DATA SECTION Start Marker
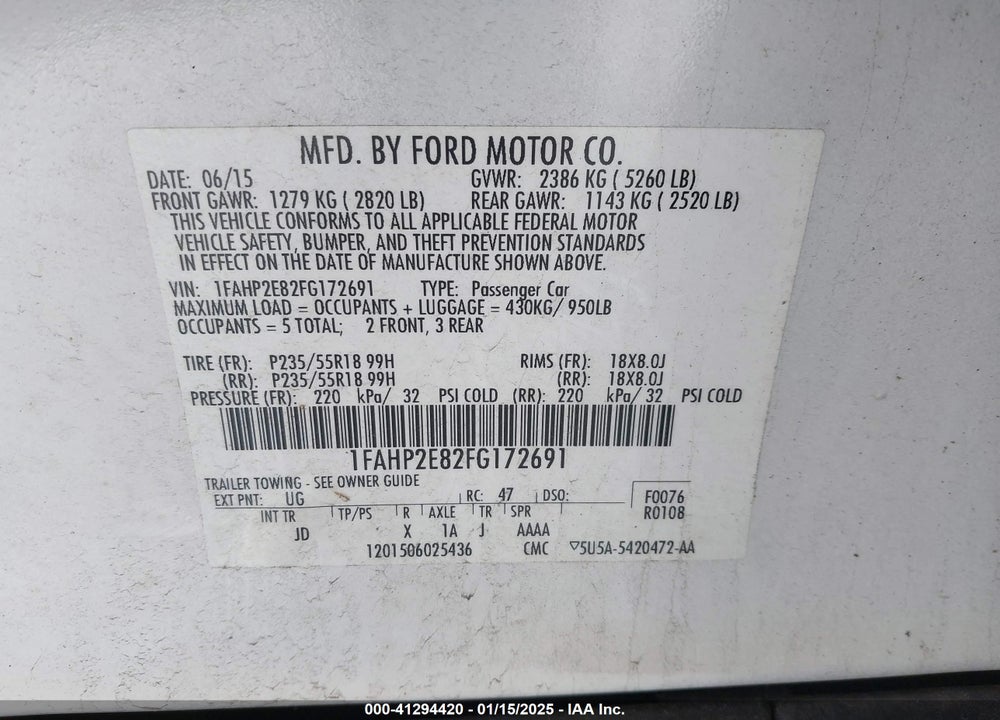 2015 FORD TAURUS SE VIN: 1FAHP2E82FG172691
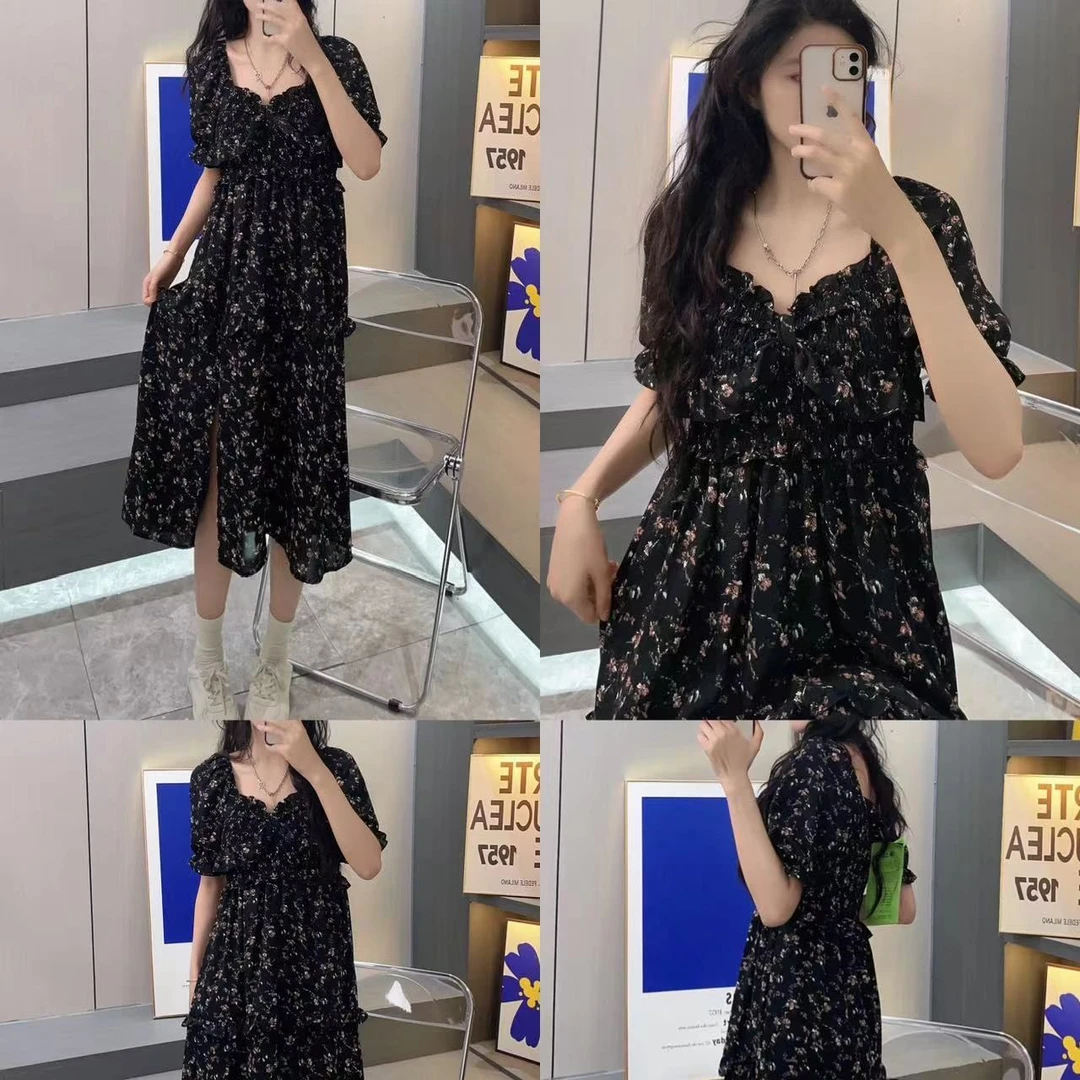 LL75925【米大方·米家自制】时尚温柔风碎花连衣裙-75925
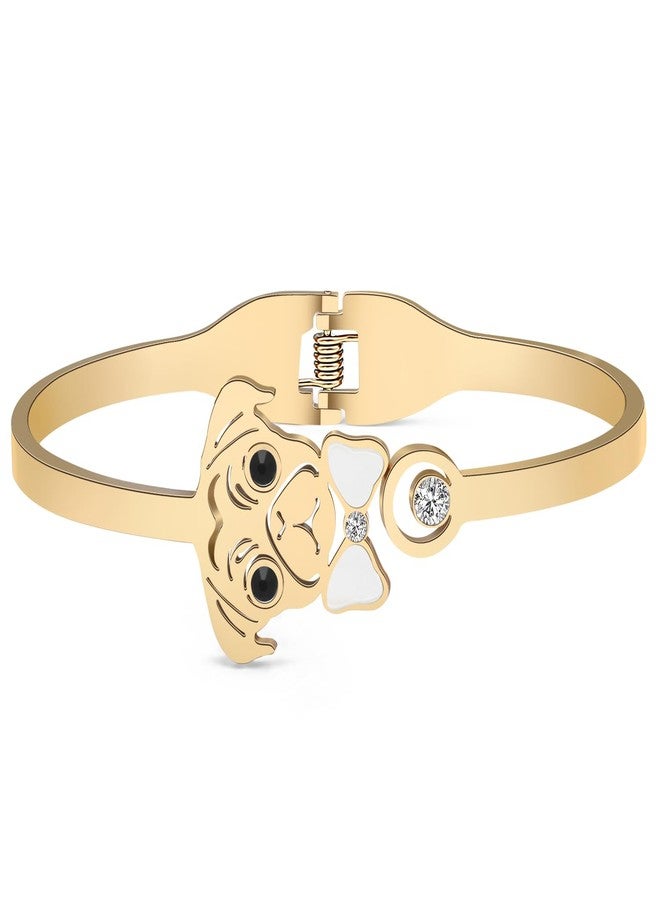 NEWEI Cute Pug Gifts for Pug Lovers Stainless Steel Pug Bracelet Bangle 18k Gold Plated Pet Dog Jewelry Charms Gifts for Women Dog Mom (18K Gold Plated) - Image 2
DATA SECTION End Marker
__WORK INSTRUCTION__.
Print the complete listing exactly, apart from any pictures.

__COMPLETED EXERCISE__.
 2015 FORD TAURUS SE VIN: 1FAHP2E82FG172691
 LL75925【米大方·米家自制】时尚温柔风碎花连衣裙-75925
 NEWEI Cute Pug Gifts for Pug Lovers Stainless Steel Pug Bracelet Bangle 18k Gold Plated Pet Dog Jewelry Charms Gifts for Women Dog Mom (18K Gold Plated) - Image 2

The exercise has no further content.